Description of your changes

This PR is the first of many following PRs to migrate to validating admission policies for applicable validation logic.

Specifically, this PR:

adds a admission policy manager for managing admission policies when the agent starts up. This manager is best used for environments where policies cannot be easily deployed/refreshed as part of the agent Helm charts.
adds two policy generator: one for denying writes to pods + replica sets in non-reserved namespaces, the other one for denying writes to service accounts and creating token requests in reserved namespaces.

Releated to #707.

I have:

[*] Associated this change with a known KubeFleet Issue (Bug, Feature, etc).
[*] Run make reviewable to ensure this PR is ready for review.

How has this code been tested

[*] Integration tests

Special notes for your reviewer

Signed-off-by: michaelawyu <chenyu1@microsoft.com>

michaelawyu (michaelawyu) · 2026-05-13T16:19:31Z

Please note that for this PR the manager is not enabled in the hub agent yet.

To control the PR size, additional tests will be submitted as a separate PR.

codecov · 2026-05-13T16:55:03Z

Codecov Report

❌ Patch coverage is 70.47619% with 93 lines in your changes missing coverage.
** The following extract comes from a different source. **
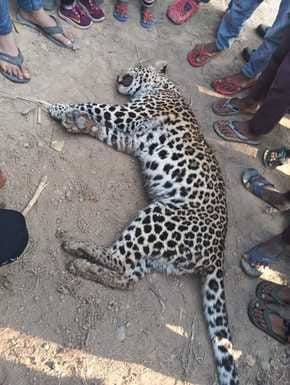 Leopard's body found, death suspected in accident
Please review.

Files with missing lines	Patch %	Lines
pkg/admissionpolicymanager/manager.go	51.38%	50 Missing and 20 partials ⚠️
...kg/admissionpolicymanager/svcaccountsntokenreqs.go	85.71%	6 Missing and 6 partials ⚠️
pkg/admissionpolicymanager/commons.go	61.11%	5 Missing and 2 partials ⚠️
pkg/admissionpolicymanager/podsnreplicasets.go	94.02%	2 Missing and 2 partials ⚠️

📢 Thoughts on this report? Let us know!

Copilot

Pull request overview

This PR introduces the first slice of work to move KubeFleet's validation logic from validating webhooks to Kubernetes ValidatingAdmissionPolicies (VAP). It adds a startup-time policy manager that reconciles a configurable set of generated VAPs and their bindings, plus two initial generators (deny pod/replicaset writes outside reserved namespaces, deny serviceaccount/token writes in reserved namespaces). It also exports the namespace prefix constants from pkg/utils.

Changes:

New pkg/admissionpolicymanager package: manager that create-or-updates and garbage-collects VAPs labeled by Fleet, with two generators (pods/replicasets, serviceaccounts/tokenrequests).
Integration test suite (envtest) validating the manager produces the expected VAP/VAPB objects (effects deferred to E2E).
Exports KubePrefix, FleetPrefix, FleetMemberNamespacePrefix from pkg/utils/common.go for reuse in the generator configs.

Reviewed changes

Copilot reviewed 7 out of 7 changed files in this pull request and generated 15 comments.

Show a summary per file

File	Description
pkg/utils/common.go	Exports previously unexported namespace prefix constants so the admission policy generator configs can reuse them.
pkg/admissionpolicymanager/manager.go	Core policy manager: reflection-based generator selection, create-or-update with retry, GC of orphan policies/bindings via label selector.
pkg/admissionpolicymanager/configs.go	Top-level configuration struct exposing per-generator config and a default.
pkg/admissionpolicymanager/podsnreplicasets.go	Generator producing a VAP that denies CREATE of pods/replicasets outside reserved namespaces.
pkg/admissionpolicymanager/svcaccountsntokenreqs.go	Generator producing a VAP that denies serviceaccount CRUD and tokenrequest CREATE in reserved namespaces, with user/group whitelist.
pkg/admissionpolicymanager/suite_test.go	Ginkgo/envtest suite bootstrap; starts the policy manager once.
pkg/admissionpolicymanager/manager_integration_test.go	Asserts the expected VAP and VAPB objects exist with correct spec/labels.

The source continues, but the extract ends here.